Is global warming a real thing? I haven’t doubted it since I learn about the fact in elementary school. However, for some queer reasons, the fact became a question in recent years. Although there are already many plots and infographics showing how rapid the temperature is increasing, it is still interesting to prove that fact myself, and to see the trend, as a practice of using Tableau.
Through this project, I intended to see the trend of temperature changing and how temperature is co-related with other weather factors such as humidity, pressure, and wind speed. This project focused on 27 cities of the United States in the years of 2013 to 2016.
For this project, I adopted Historical Hourly Weather Data 2012-2017 from Kaggle.com. It provided hourly weather data for 30 US & Canadian cities and 6 Israeli cities, in weather factors including temperature, humidity, pressure, wind speed, wind direction and weather description, each weather factor was provided in different CSV files.
It also thoughtfully prepared the cities’ geographical information data in a separate CSV.
Data Cleaning and Preparing
The dataset was pretty well prepared and there were not so many weird entries. However, due to the size of the dataset, I had to manipulate the dataset before import it to Tableau. I used RStudio and OpenRefine to accomplish this process.
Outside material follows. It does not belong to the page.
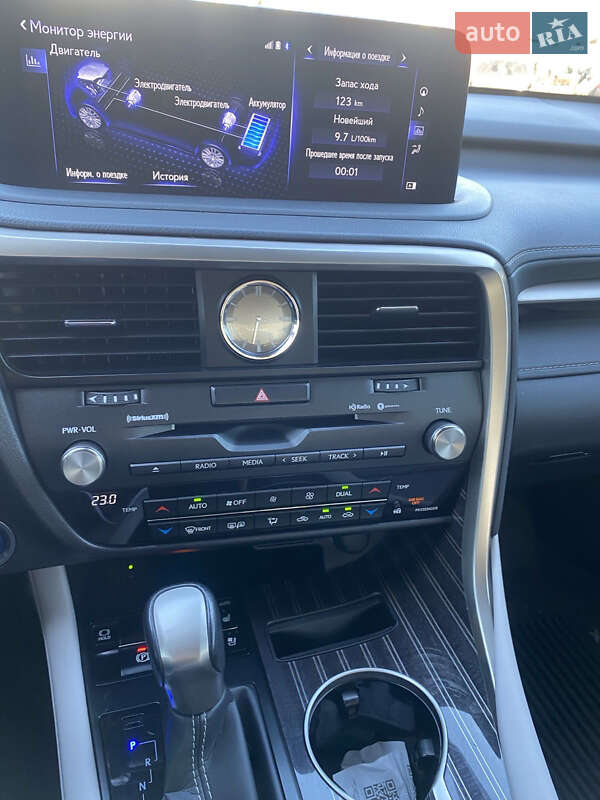 Внедорожник / Кроссовер Lexus RX 2021 в Киеве фото 20 Внедорожник / Кроссовер Lexus RX 2021 в Киеве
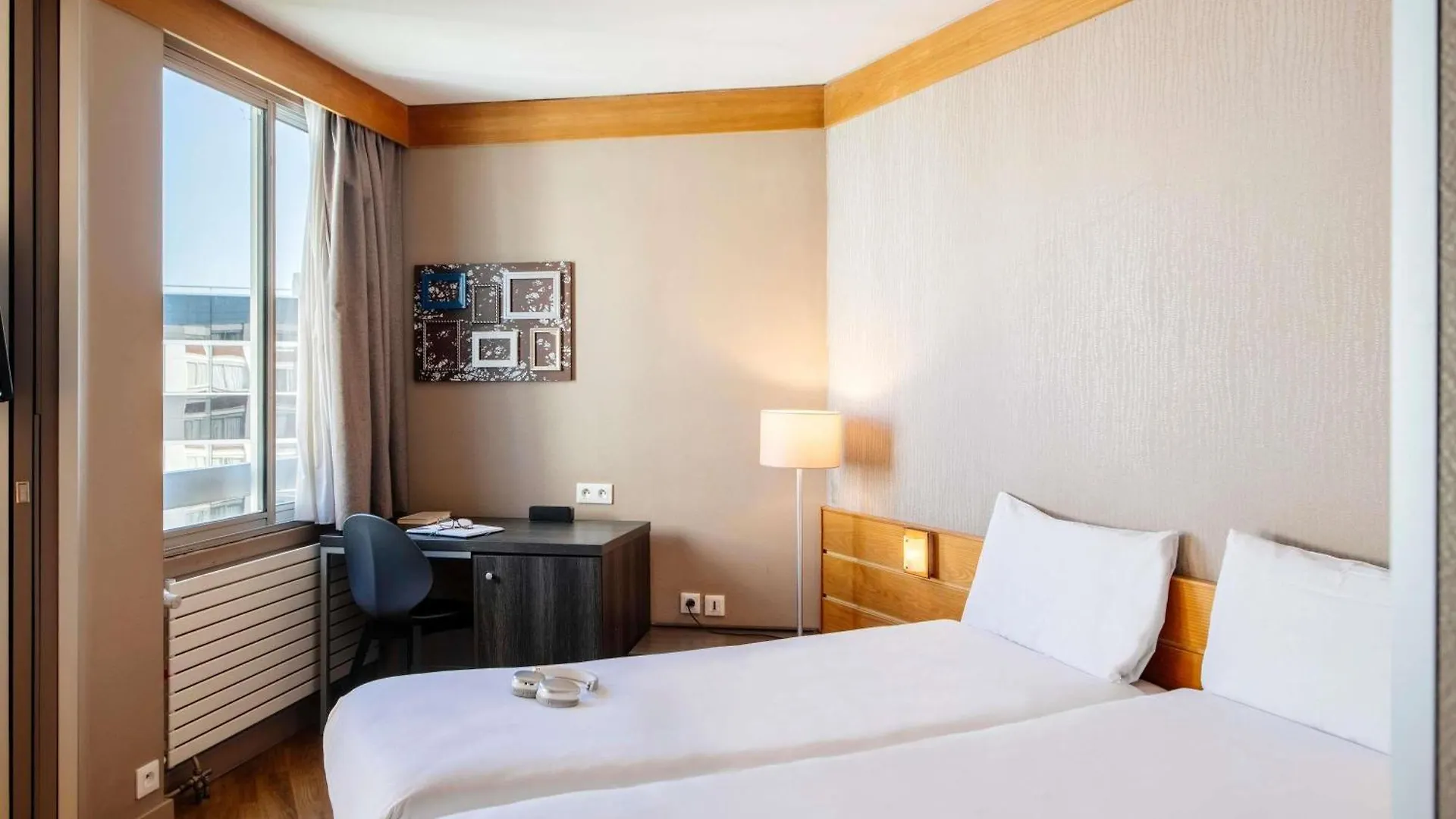 Aparthotel Adagio Paris XV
First of all, I need to merge all six weather factor CSV files. After import the CSV files into R as datasets, I used the “merge” function to combine them.
weather <- merge(temperature, humidity) weather <- merge(weather, pressure) weather <- merge(weather, wind_direction) weather <- merge(weather, wind_speed) weather <- merge(weather, weather_description)
Then I imported the geographic data to R and intended to merge it with the weather dataset. Since the header of this dataset is capitalized, I had to turn the header to lowercase in front.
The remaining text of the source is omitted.